Among the entries below, only the lines from the one with "T-shirt femme Françoise" through the one with "Brampton PRO-FIX Long" are to be retyped, exactly and without pictures.

Start of EXTRACTED RECORDS

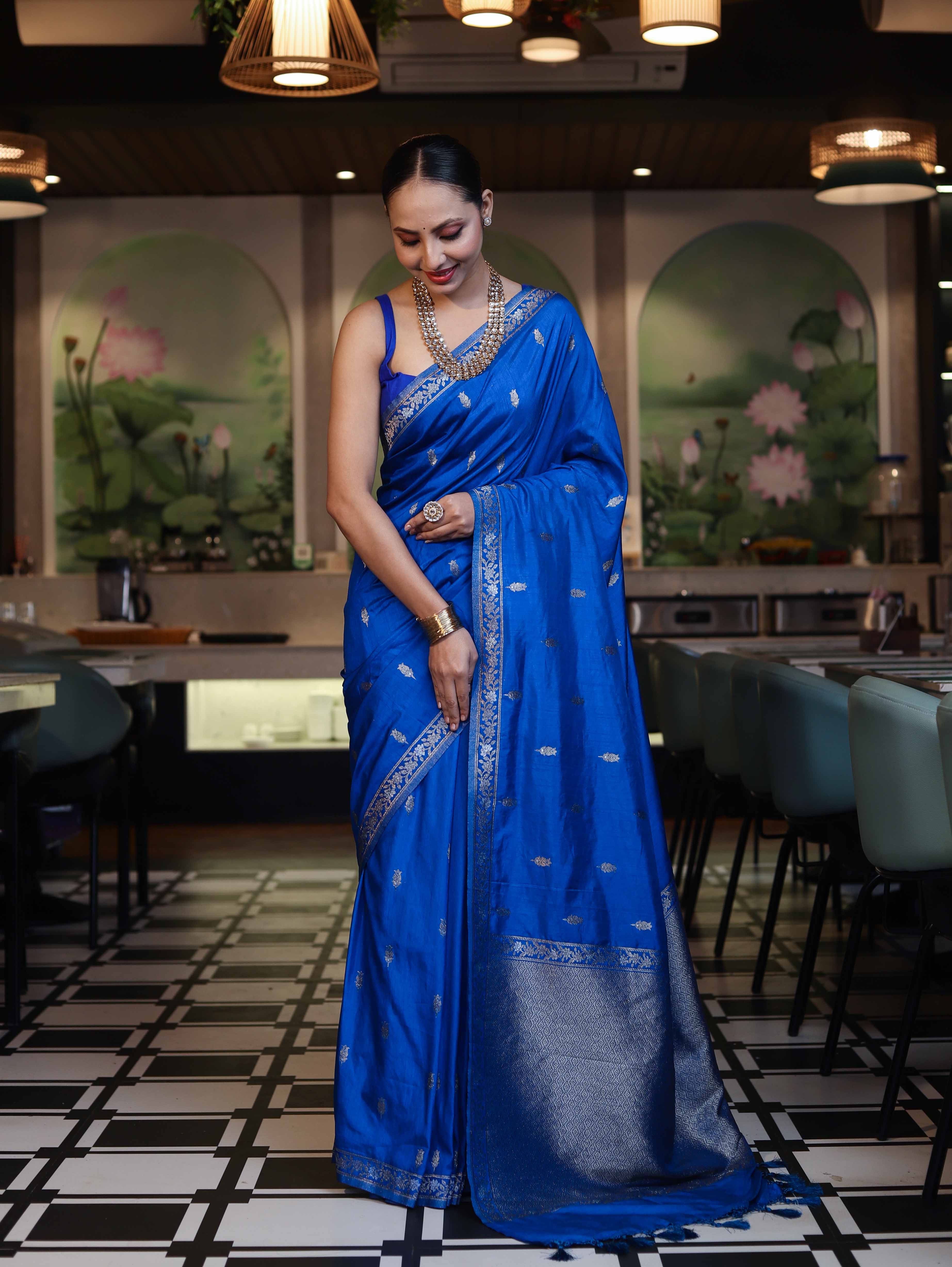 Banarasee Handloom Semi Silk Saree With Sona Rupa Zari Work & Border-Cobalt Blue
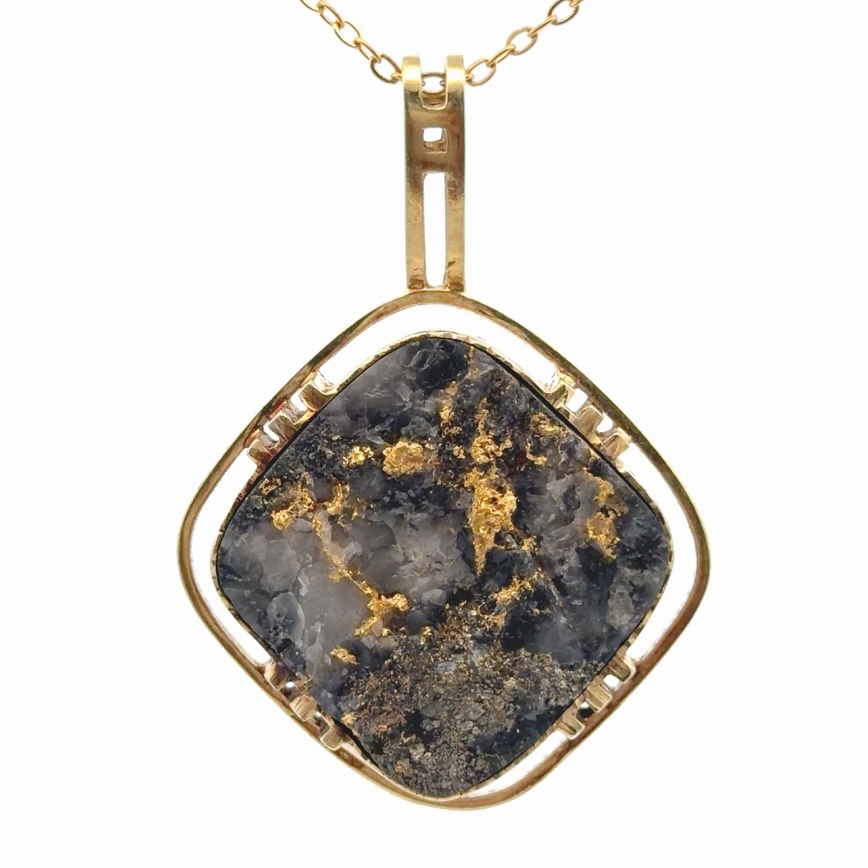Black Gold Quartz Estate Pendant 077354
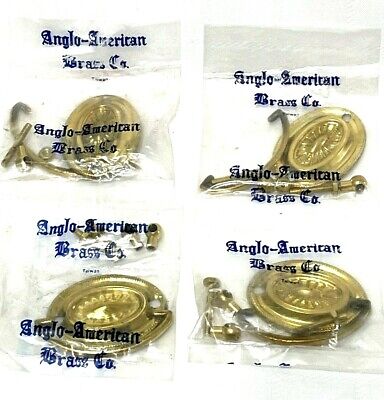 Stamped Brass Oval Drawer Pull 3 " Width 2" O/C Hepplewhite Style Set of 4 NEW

End of EXTRACTED RECORDS
Start of EXTRACTED RECORDS

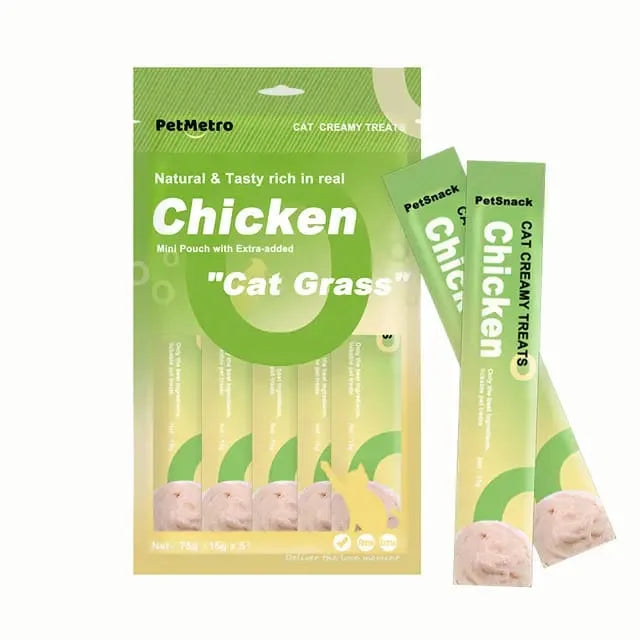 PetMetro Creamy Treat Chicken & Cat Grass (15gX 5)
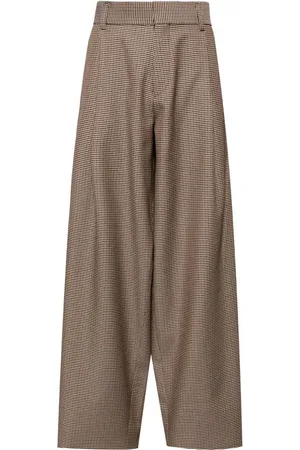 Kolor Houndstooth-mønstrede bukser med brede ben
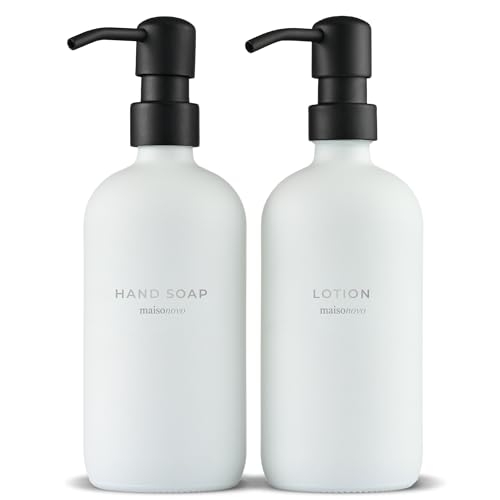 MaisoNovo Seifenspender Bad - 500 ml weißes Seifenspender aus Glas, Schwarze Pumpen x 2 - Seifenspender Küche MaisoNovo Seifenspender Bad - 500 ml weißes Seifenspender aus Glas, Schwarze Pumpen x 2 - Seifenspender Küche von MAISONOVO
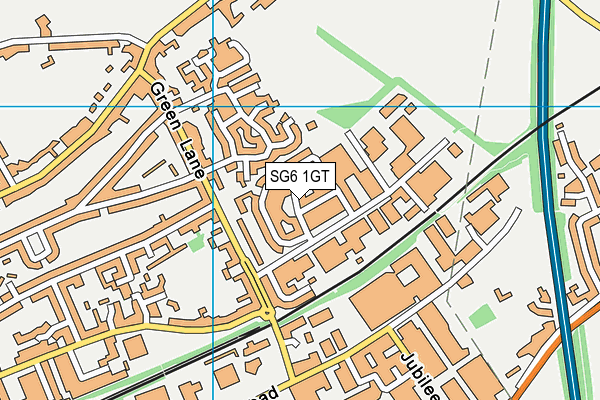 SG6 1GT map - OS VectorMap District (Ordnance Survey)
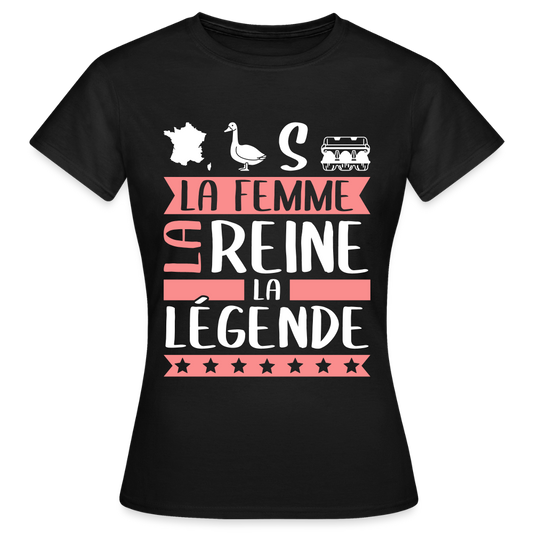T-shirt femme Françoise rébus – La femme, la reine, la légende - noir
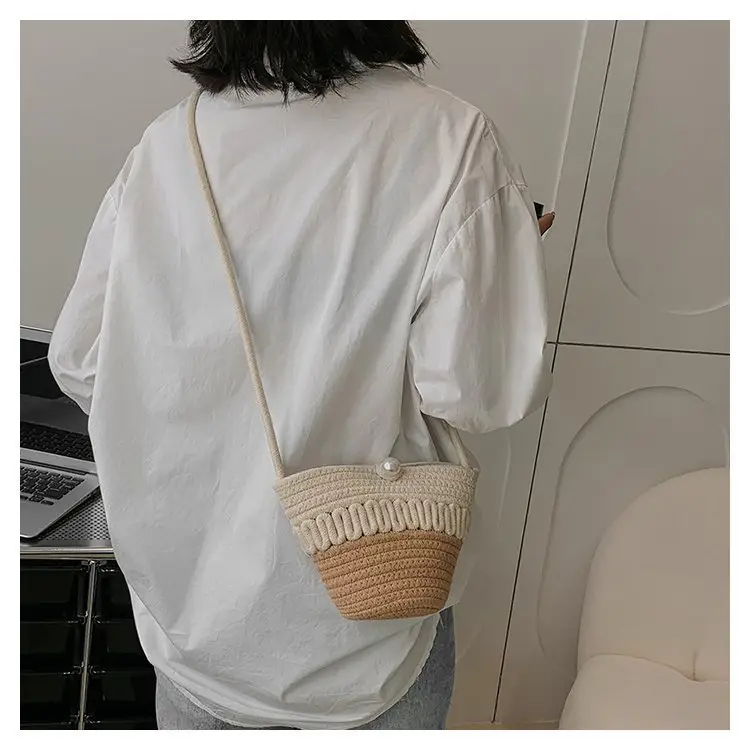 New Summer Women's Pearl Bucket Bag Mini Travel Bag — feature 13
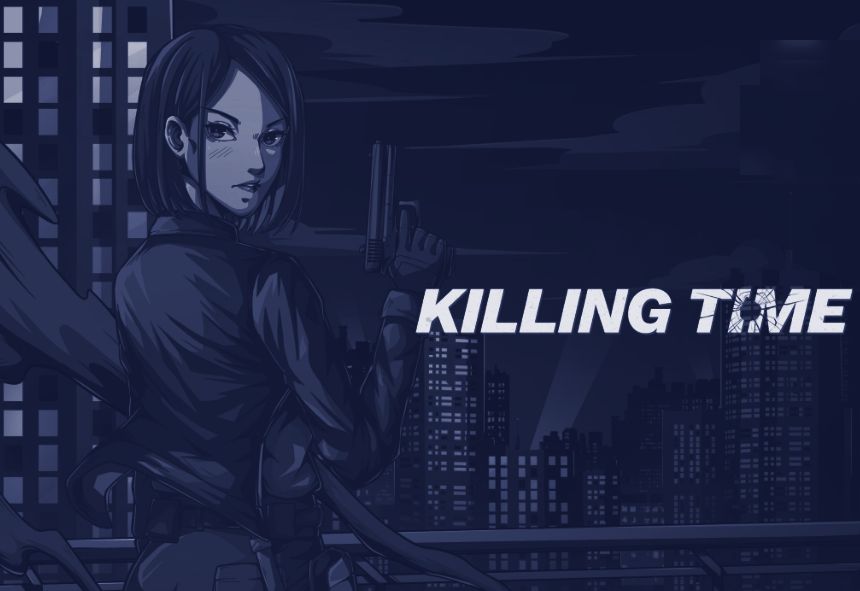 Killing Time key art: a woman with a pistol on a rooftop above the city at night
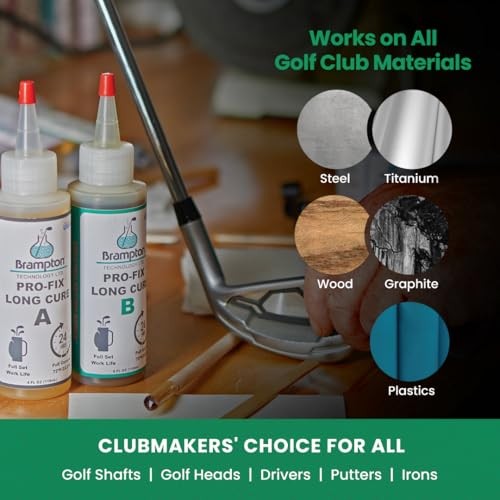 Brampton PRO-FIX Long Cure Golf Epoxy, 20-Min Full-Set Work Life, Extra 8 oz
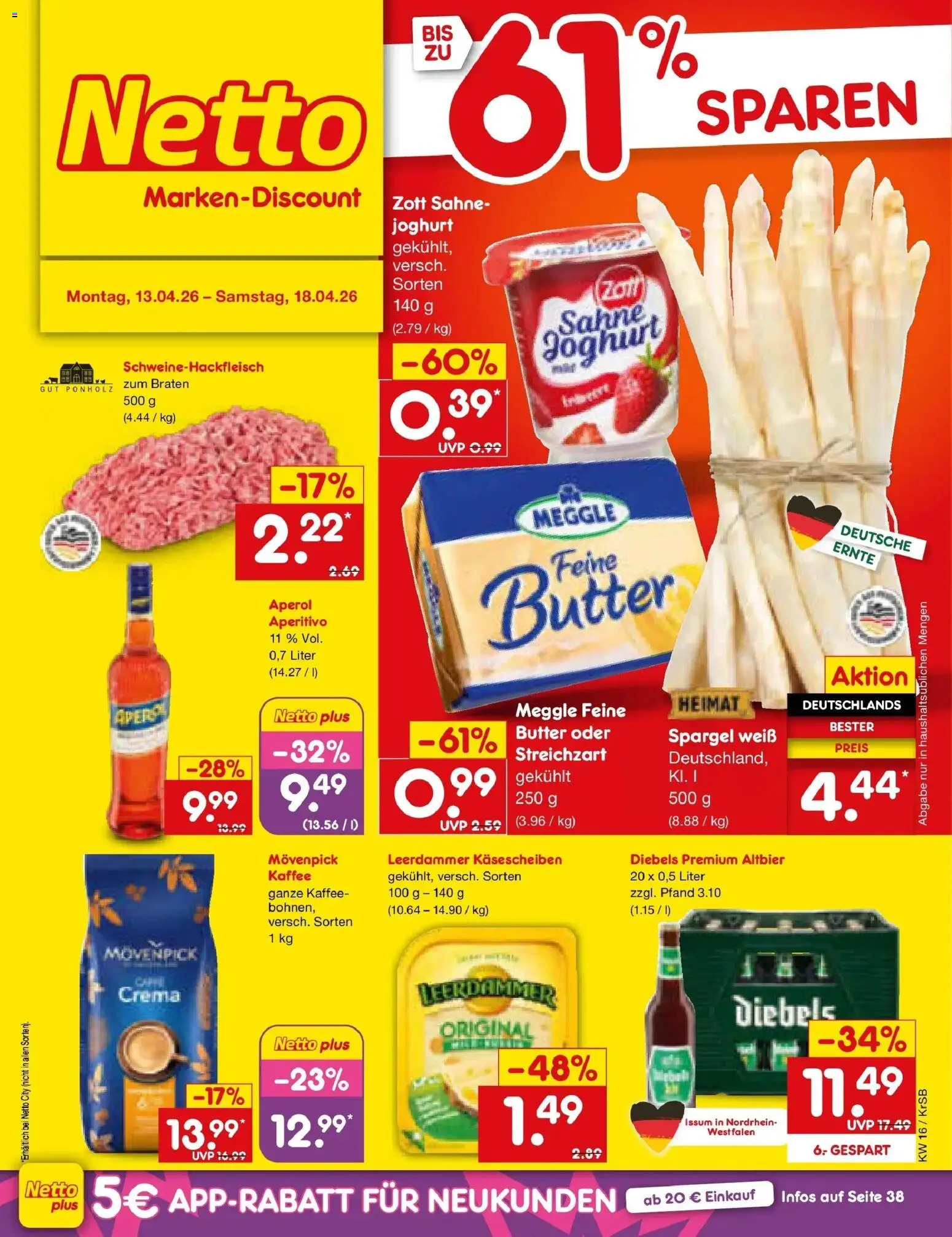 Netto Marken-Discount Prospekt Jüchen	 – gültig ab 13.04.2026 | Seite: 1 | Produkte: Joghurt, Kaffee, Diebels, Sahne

End of EXTRACTED RECORDS

ANSWER FOR THE TASK =
T-shirt femme Françoise rébus – La femme, la reine, la légende - noir
 New Summer Women's Pearl Bucket Bag Mini Travel Bag — feature 13
 Killing Time key art: a woman with a pistol on a rooftop above the city at night
 Brampton PRO-FIX Long Cure Golf Epoxy, 20-Min Full-Set Work Life, Extra 8 oz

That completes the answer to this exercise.